2. Forgery/Tampering:
- Forged documents involve changes made to an existing genuine document. This includes alterations to variable information, insertion or replacement of applicant photos, and removal of information, whether digitally or physically. Photocopies and scanned images of tampered documents are considered fraudulent and within scope.
3. Digital Tampering:
- Digital tampering involves manipulating captured images of documents, such as changing text, images, portrait, or adding boxes and altering background printing. This form of tampering is in scope.
4. Physical Tampering:
- Physical tampering refers to physical alterations or reproductions of identity documents. Testing for identity documents that have undergone physical tampering is currently out of scope, pending legal constraints.
5. Expired or Invalidated Document:
- Fraudulent document tests may include genuine documents that have expired or been invalidated. This is within scope.
6. Similarity Fraud:
- Similarity fraud involves mismatching the user in front of the camera with the ID document. This type of fraud is within scope but will be covered in a separate requirements document.

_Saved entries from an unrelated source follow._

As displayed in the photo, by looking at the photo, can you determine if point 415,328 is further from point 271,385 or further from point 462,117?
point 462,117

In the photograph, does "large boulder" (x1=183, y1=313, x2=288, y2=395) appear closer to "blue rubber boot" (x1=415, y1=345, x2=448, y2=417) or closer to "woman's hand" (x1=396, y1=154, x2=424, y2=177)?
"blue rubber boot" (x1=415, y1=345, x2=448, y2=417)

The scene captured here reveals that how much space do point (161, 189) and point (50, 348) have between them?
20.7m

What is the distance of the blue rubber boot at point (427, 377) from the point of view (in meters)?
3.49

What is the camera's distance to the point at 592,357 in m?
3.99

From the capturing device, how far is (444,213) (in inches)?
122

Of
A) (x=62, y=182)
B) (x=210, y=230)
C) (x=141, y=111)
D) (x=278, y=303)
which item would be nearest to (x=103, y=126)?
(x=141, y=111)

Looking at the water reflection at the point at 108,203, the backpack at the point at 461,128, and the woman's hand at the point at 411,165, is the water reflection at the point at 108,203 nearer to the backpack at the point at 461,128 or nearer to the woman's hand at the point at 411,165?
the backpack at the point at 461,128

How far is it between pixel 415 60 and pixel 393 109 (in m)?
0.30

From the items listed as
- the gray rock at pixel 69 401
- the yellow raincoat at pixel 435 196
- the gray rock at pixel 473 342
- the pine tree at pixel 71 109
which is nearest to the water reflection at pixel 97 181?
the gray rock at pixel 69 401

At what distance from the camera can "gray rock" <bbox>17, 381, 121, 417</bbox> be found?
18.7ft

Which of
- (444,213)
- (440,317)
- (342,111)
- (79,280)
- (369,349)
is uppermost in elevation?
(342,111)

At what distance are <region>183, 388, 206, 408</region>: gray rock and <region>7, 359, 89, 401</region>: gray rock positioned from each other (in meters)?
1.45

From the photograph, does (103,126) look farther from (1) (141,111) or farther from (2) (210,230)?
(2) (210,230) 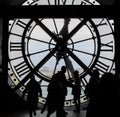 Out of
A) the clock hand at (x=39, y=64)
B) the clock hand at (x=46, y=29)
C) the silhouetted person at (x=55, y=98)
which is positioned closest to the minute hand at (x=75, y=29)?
the clock hand at (x=46, y=29)

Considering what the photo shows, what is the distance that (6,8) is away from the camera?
6.09 m

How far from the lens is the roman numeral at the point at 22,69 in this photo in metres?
6.80

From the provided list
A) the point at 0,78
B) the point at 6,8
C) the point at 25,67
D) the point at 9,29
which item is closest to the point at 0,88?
the point at 0,78

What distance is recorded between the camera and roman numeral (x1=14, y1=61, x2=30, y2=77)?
268 inches

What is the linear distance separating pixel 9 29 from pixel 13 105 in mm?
1531

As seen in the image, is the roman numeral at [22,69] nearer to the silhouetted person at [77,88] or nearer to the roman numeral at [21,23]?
the roman numeral at [21,23]

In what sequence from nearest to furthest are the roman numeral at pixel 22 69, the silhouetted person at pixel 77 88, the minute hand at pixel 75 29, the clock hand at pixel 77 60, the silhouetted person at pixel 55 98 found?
the silhouetted person at pixel 55 98, the silhouetted person at pixel 77 88, the clock hand at pixel 77 60, the minute hand at pixel 75 29, the roman numeral at pixel 22 69

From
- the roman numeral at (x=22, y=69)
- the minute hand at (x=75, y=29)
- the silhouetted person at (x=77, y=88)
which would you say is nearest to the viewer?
the silhouetted person at (x=77, y=88)

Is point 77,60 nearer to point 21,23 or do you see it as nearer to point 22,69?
point 22,69

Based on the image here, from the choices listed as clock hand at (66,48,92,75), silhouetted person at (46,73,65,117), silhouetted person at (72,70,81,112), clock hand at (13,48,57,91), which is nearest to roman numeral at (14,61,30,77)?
clock hand at (13,48,57,91)

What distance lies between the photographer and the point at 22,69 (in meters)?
6.82

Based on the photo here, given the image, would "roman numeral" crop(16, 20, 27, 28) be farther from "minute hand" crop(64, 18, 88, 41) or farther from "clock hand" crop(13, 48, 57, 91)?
"minute hand" crop(64, 18, 88, 41)

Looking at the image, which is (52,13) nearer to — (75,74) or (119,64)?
(75,74)

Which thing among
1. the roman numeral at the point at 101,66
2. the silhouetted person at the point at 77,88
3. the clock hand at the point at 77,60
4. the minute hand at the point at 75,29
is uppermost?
the minute hand at the point at 75,29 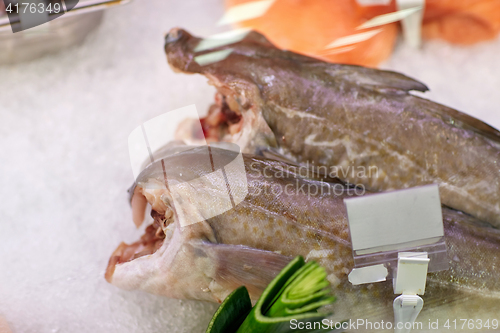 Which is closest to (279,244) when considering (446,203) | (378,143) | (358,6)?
(378,143)

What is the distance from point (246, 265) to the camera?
1329 mm

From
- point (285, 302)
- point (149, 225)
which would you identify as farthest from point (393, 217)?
point (149, 225)

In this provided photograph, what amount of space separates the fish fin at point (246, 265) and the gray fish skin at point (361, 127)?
1.73ft

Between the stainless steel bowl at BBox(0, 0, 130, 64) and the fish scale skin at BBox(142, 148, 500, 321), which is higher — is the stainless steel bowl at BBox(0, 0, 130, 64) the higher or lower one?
the higher one

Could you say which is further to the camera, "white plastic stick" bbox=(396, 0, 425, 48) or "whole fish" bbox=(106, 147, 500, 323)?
"white plastic stick" bbox=(396, 0, 425, 48)

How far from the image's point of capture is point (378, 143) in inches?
67.1

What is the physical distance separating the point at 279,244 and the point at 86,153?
1135mm

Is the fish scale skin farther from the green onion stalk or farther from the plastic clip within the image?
the green onion stalk

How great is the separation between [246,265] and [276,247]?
0.12 meters

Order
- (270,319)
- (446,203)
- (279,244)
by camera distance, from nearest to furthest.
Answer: (270,319)
(279,244)
(446,203)

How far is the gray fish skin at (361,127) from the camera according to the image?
1.66m

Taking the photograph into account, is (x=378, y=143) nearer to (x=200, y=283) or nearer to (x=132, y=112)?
(x=200, y=283)

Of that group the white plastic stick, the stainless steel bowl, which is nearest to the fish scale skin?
the stainless steel bowl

7. Technical/Security Attack:
- Technical or security attacks, including those on encryption or backend systems, are out of scope for this document.
8. Procedural:
- Procedural attacks relate to the identification procedure itself, such as timing attacks or card swapping during the process. Testing for procedural attacks is out of scope.
9. Facial Liveness:
- Facial liveness attacks are focused on the liveness detection of the user and will be covered in a separate Face Verification Requirements Document.
10. Presentation Attack:
- Presentation attacks target the biometric data capture subsystem with the aim of interfering with the biometric system. This is in scope.
11. Injection Attack:
- Injection attacks involve inserting false data to bypass the biometric capture module and are covered in a separate Face Verification Requirements Document.
12. Deepfake:
- Deepfakes involve AI technologies like GANs or RNNs to create fraudulent media representations, which can be detected through presentation attack detection. Injection attacks that may involve deepfakes are addressed separately.
13. Face Morph:
- Face morphs involve creating a face image as a combination of two individuals, typically as part of identity document tampering.
14. Document Liveness:
- Document liveness refers to the presence of the original physical document, and this is currently out of scope.
The document emphasizes the importance of distinguishing between genuine documents and tampered or fraudulent ones and provides guidance on the testing procedures for each category of threat. The scope and coverage of threats are well-defined, ensuring a comprehensive approach to document authenticity verification.